Sometime in early spring of my junior year, our phone began to ring with some regularity with calls from Mitch, a senior boy with whom I eventually started going steady. He was a few inches taller than I and had brown hair with sideburns and serious blue eyes. He was a nice guy but a little over the top in sometimes embarrassing ways.
Mitch had a full-time job after school and drove a royal blue Volkswagen bug. He took me out on weekends and bought me flowers more often than seemed appropriate. Because we were allowed to go off campus for lunch, I spent many lunch hours making out with him in his small car on the backside of Forest Hills Park. It was fun to have a boyfriend. When he asked me to go steady, I said “yes,” and I wore his big fat class ring with white tape wrapped around it so it would stay on my finger. He started going with me to my church.

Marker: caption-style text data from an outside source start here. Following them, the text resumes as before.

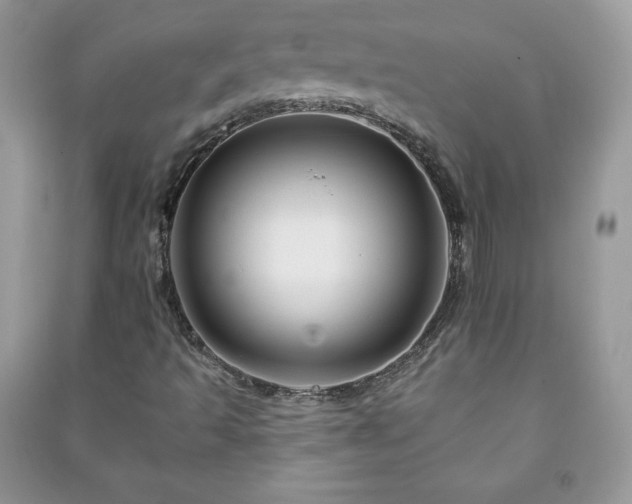 X0000090971493200708091425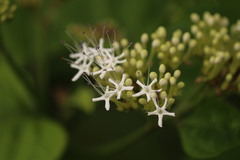 Clerodendrum colebrookianum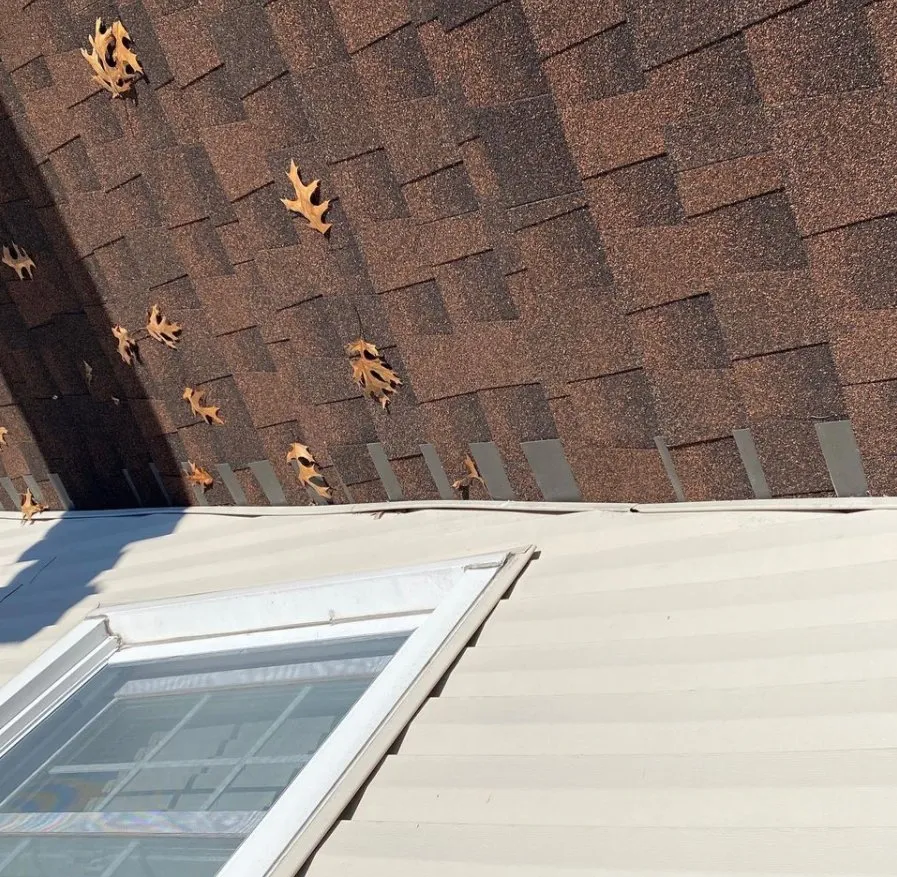 Slide of Eleven Exterior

Mitch’s family life and upbringing were different from mine. He was from East Durham and had gone to Holton. His parents were both deceased, and he lived with his aunt. I’m not sure what happened to his father, but his mother had been killed in a car accident while she was driving intoxicated down the wrong way on a highway ramp. He had several half brothers and sisters. He had a history of getti
ng intensely involved with girls and then dumping them unexpectedly. This last fact I learned too late.
I enjoyed his attention and was sympathetic with his family story, but I was sometimes embarrassed by his social behavior. I was uncomfortable listening to his relatives’ racist conversations when visiting Mitch’s brother and his aunt and uncle in their homes and at their evangelical church out in the country. Out of politeness to my hosts, I did not say anything (although I did not join in). Mitch knew better and did not join in when I was there, but I got the feeling he might have otherwise.

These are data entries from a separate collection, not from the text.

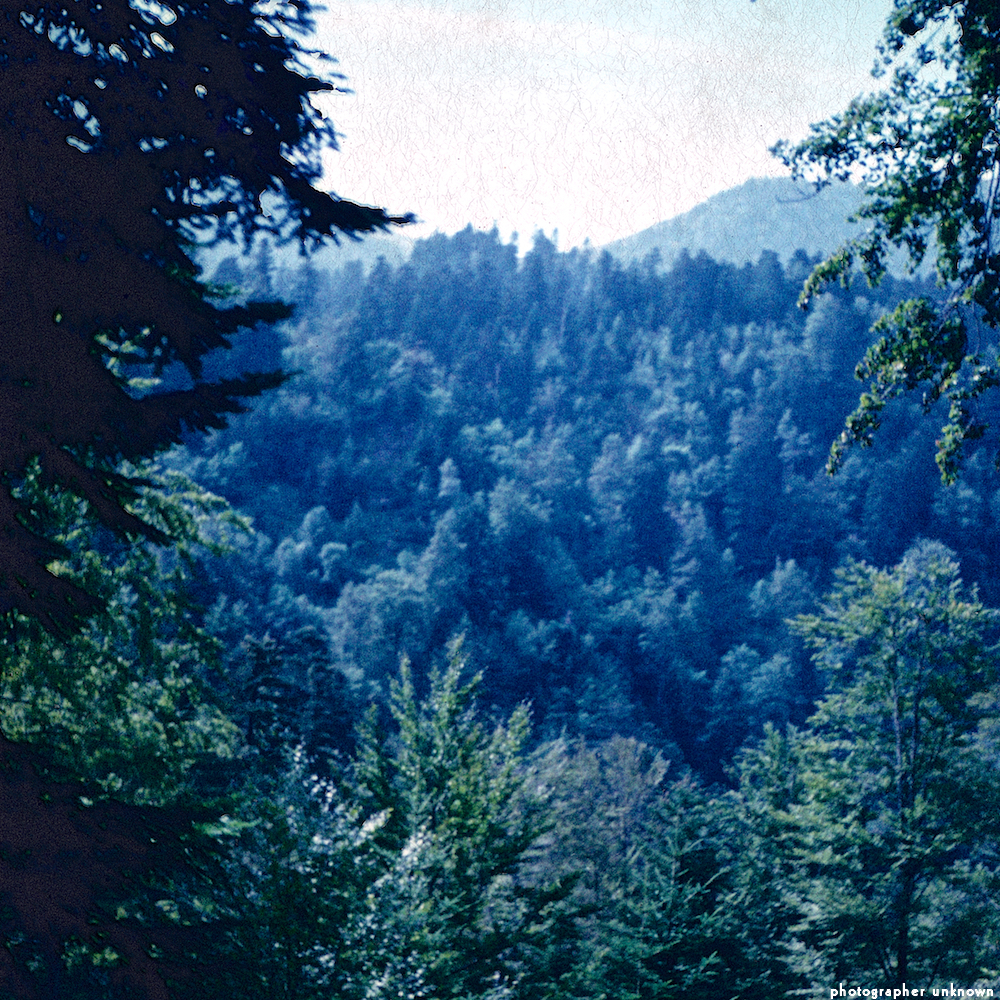 image: This is &lsquo;photographer&nbsp;x&nbsp;(xii)&nbsp;b)&nbsp;4&rsquo;.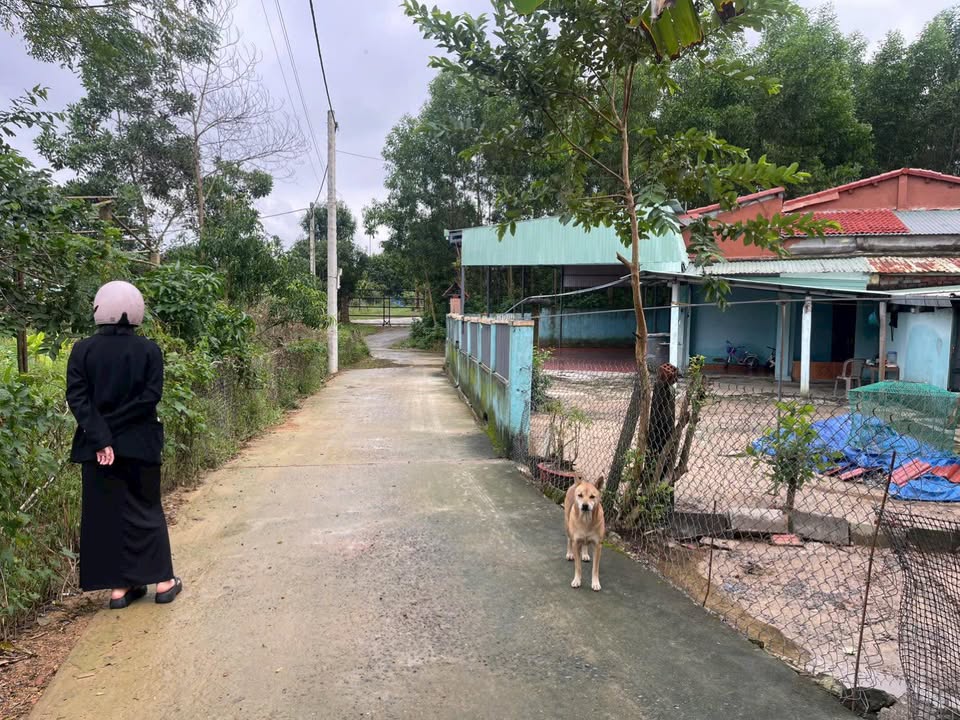 Đất trồng cây Hòa Khánh, Đà Nẵng 650m² - Đầu tư lâu dài, giá hợp lý!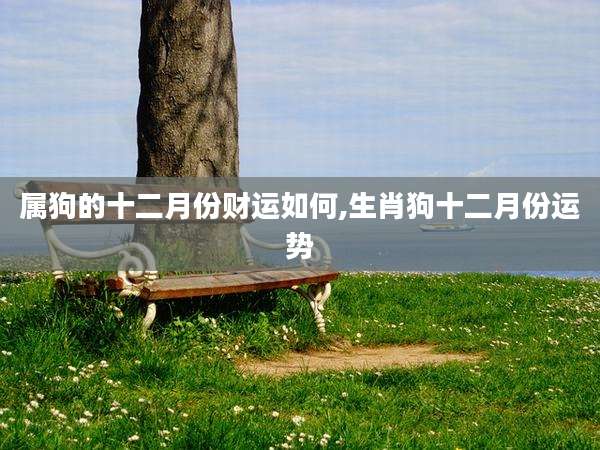 属狗的十二月份财运如何,生肖狗十二月份运势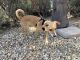 Mixed Puppies for sale in Fontana, CA 92336, USA. price: $70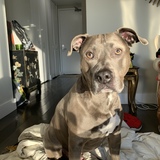 Entry image for Rockwell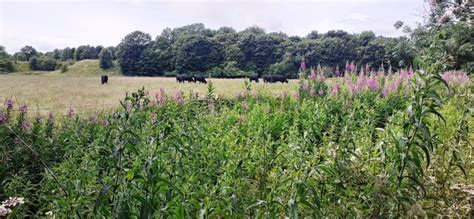 Cows In Field On Sw Side Of Rural Road Roger Templeman Cc By Sa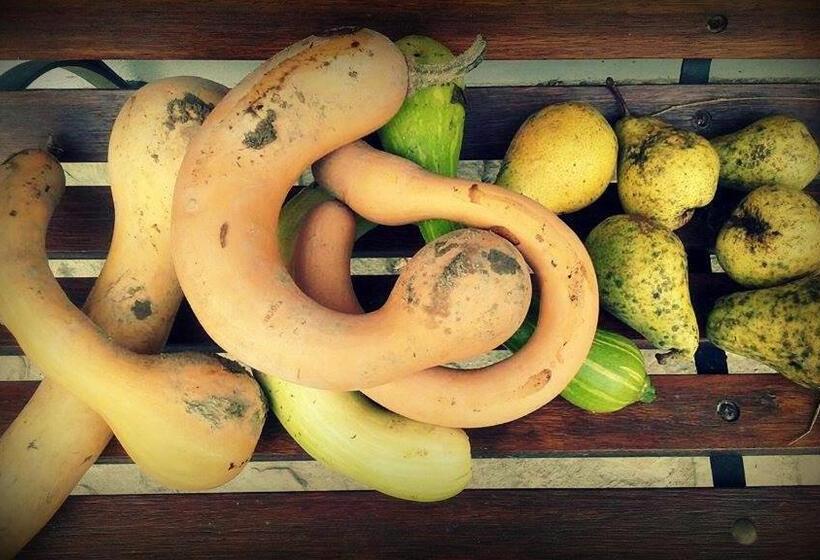 Отель Cascina Il Convivio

My school and church friends accepted Mitch when he was with me, but he would not have been part of our group otherwise. The working/middle class I was part of had its own rules and expectations, mostly about education and aspiration. His life was more chaotic than mine, and his family less educated. College was not part of his family script. Although I felt like a snob to think those things, I did think them, and at the same time, I was glad for his affection. The aura of teenage sexuality that enveloped us as a couple made my mother very nervous. Mitch and I did a lot of making out and heavy petting, although we never “went all the way.” I enjoyed it and felt guilty about that. I had no one to talk to, though, for fear of judgment from my girlfriends, especially my church friends, so sex was another part of my secret self. To be clear, I’m not sure what they would have said. No one talked about sex, so I just assumed they’d disapprove.

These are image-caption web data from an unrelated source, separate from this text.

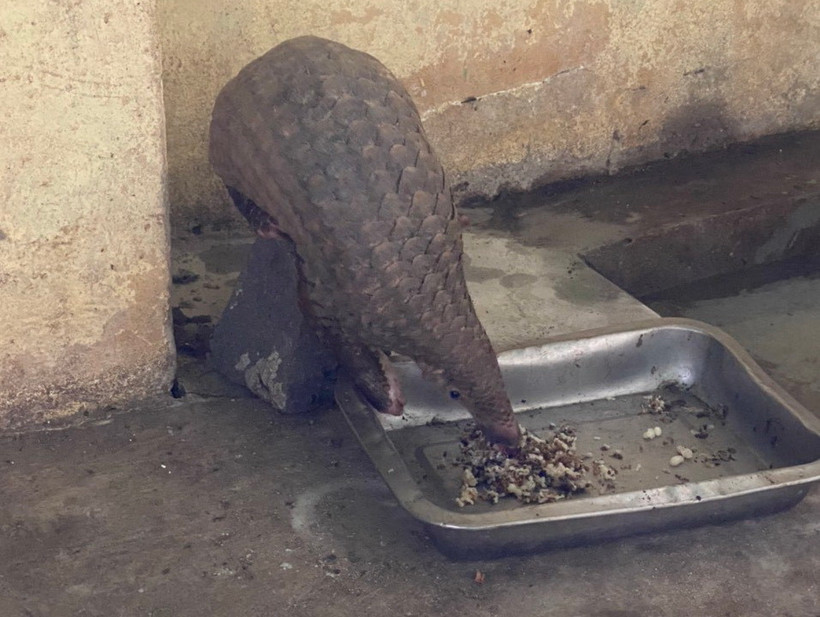 Cá thể tê tê được nuôi nhốt tại Chi cục Kiểm lâm Tây Ninh sau khi tiếp nhận giao nộp từ người dân. (Ảnh: TTXVN phát)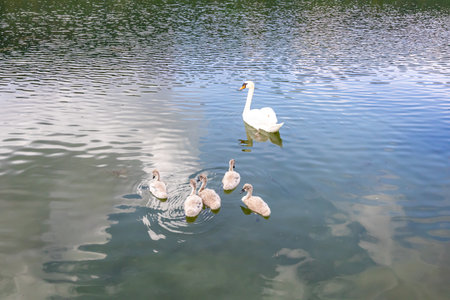 Rear view of an adult white swan swimming peacefully with five young swans on Echternach lake, clouds reflected on water surface with rippled irregular surface, sunny spring day in Luxembourgの写真素材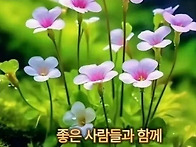 2025년05월20일..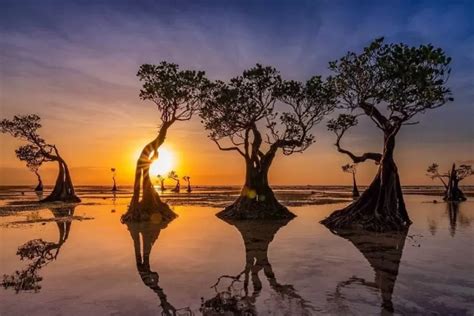 PANTAI DENGAN VIEW SUNSET TERINDAH DI INDONESIA - Pusat Marine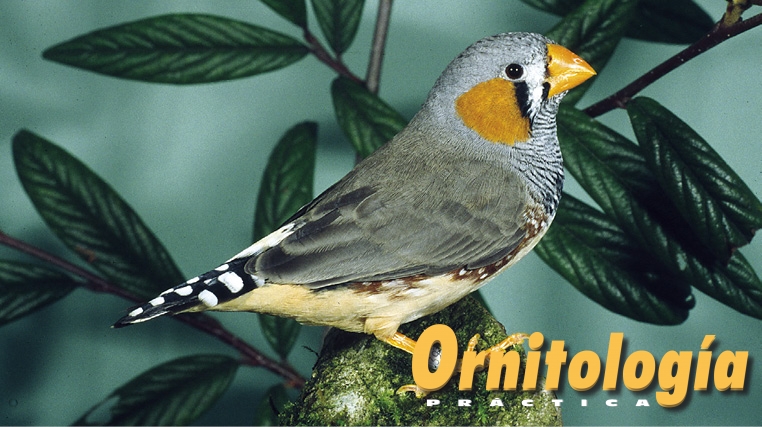 Diamante mandarín pico amarillo gris.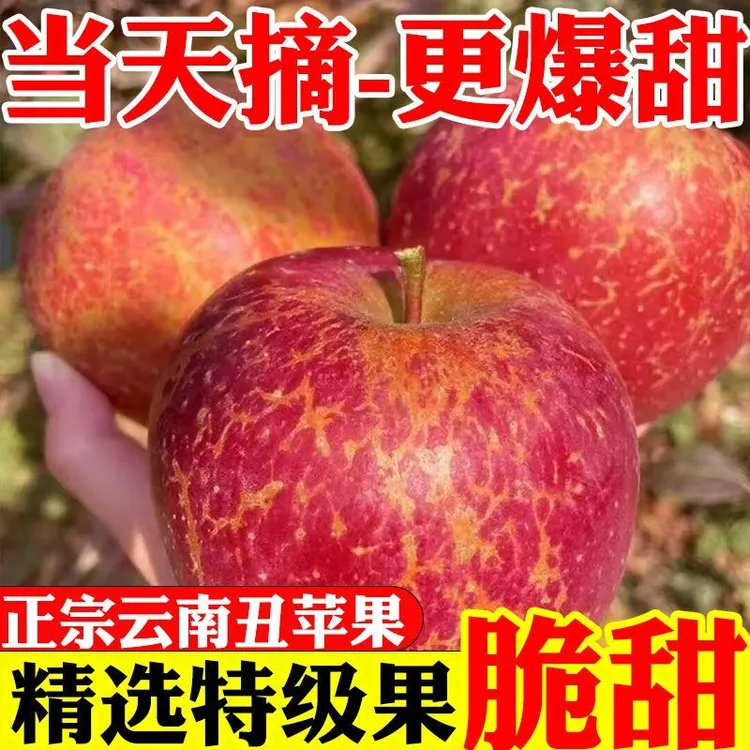 【精品果】云南昭通现摘现发冰糖心丑苹果脆甜多汁当季新鲜苹果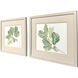 Fiddle Fig Leaf Green Framed Art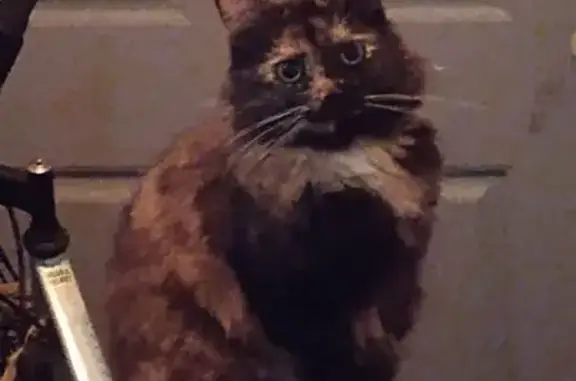 Lost female cat, Seaboard Street, Myrtle Beach - tortoiseshell with black mustache - photo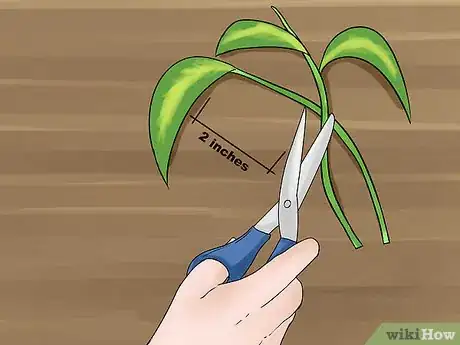 Image titled Propagate a Golden Pothos Step 2
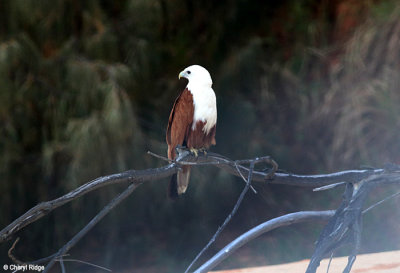 6187-brahminy-kite.jpg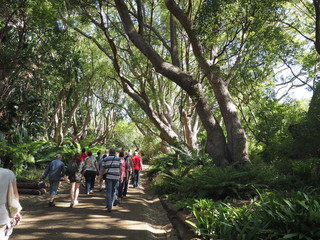 Fototapeta premium Nationaler Botanischer Garten Kirstenbosch - im Stadtteil&nbsp;Newlands&nbsp;von&nbsp;Kapstadt 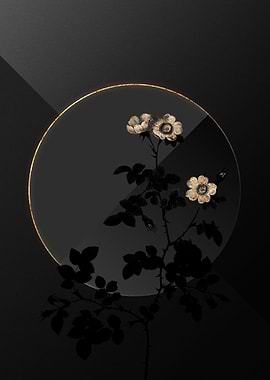 Shadow Rose Black and Gold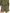 Harvest Shorts Olive Moss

Several of my friends were also in serious relationships our junior year, the most notable of which was another “mixed” Rogers-Herr and Holton relationship between my friend Beth and Ricky. We knew Ricky in class because he was part of a few of the students who had come from Holton who were in college prep classes. Beth was beautiful but shy, and Ricky was cute, drove a cool car and was not shy at all. One smart, intense boy from Rogers-Herr, a year ahead of us, was smitten with Beth and wooed her tenaciously, but the more carefree Ricky won her over. He became part of our group of friends (and Beth part of his), so that he was our primary entrée into East Durham and Holton kids—more so than Mitch, who was so busy working after school that he didn’t have a lot of close friends.